Rapid increases in the Consumer Price Index in 2008 pushed the annual COLA increase for 2009 up to 5.8 percent, well above the 2.3 percent increase of 2008. The results for 2010 won't be as strong because of the recession, but feds shouldn't panic.
The projections look grim. In April, the Congressional Budget Office announced that an overall decline in the cost of living meant that it was not projecting an increase in the COLA for Social Security recipients for 2010 or 2011, and that the economy was unlikely to recover enough to produce a COLA boost in 2012 either. Social Security and federal retiree COLAs are calculated the same way. CBO forecasted that the economy would bounce back sufficiently to yield a 0.8 percent increase by 2013.
But a small, or nonexistent, COLA might actually be a good thing for federal retirees in this economy since Congress has targeted cost-of-living adjustments as a way to save money during past financial difficulties.

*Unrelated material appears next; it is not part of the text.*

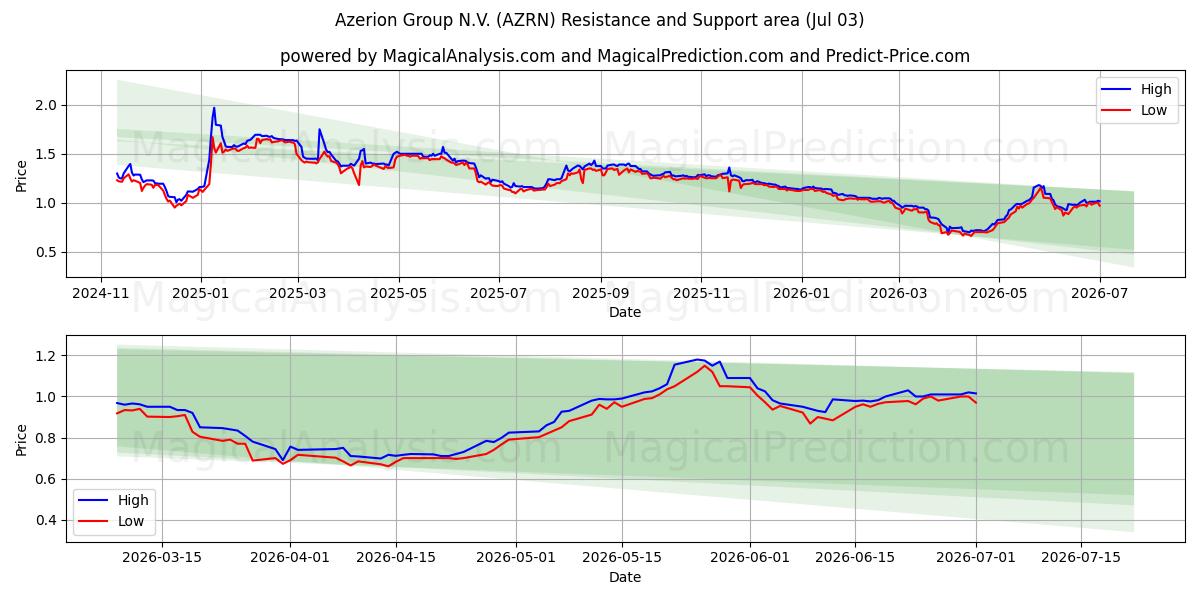  Azerion Group N.V. (AZRN) Support and Resistance area (02 Jul)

Congress passed the Gramm-Rudman-Hollings Act in 1985, which required the president to cut spending across government by a uniform percentage if the federal deficit rose above a certain level. In 1986, that legislation went into effect when President Reagan canceled the 3.1 percent COLA scheduled for federal civilian and military retirees that year.
Subsequently, Congress passed legislation to exempt cost-of-living increases from those mandatory cuts, but that didn't end efforts to target COLAs as part of the budget process. In an effort to reduce the budget, President Clinton convinced Congress to delay the start date of cost-of-living adjustment payouts to federal retirees, so COLAs took effect in April instead of January from 1994 to 1996.
COLAs could have been a tempting target this year. President Obama said in his budget that he was proposing a 2 percent pay increase for current federal employees as a belt-tightening measure, and the cost of extending benefits for federal employees became a factor in the debate over the House's passage of the 2009 Federal Employees Paid Parental Leave Act last week. The National Active and Retired Federal Employees Association in 2008 said it would monitor Congress closely for any efforts to target retiree benefits as a way to close gaps in the budget.
But there may not be an automatic increase for Congress to target at all in the fiscal 2010 budget process. Feds can take some consolation in one fact: their annual cost-of-living adjustments are not allowed to be negative. So even if the Consumer Price Index falls, the government cannot reduce COLA payments to federal retirees. So even in a bad economy, it's possible to come out a little bit ahead.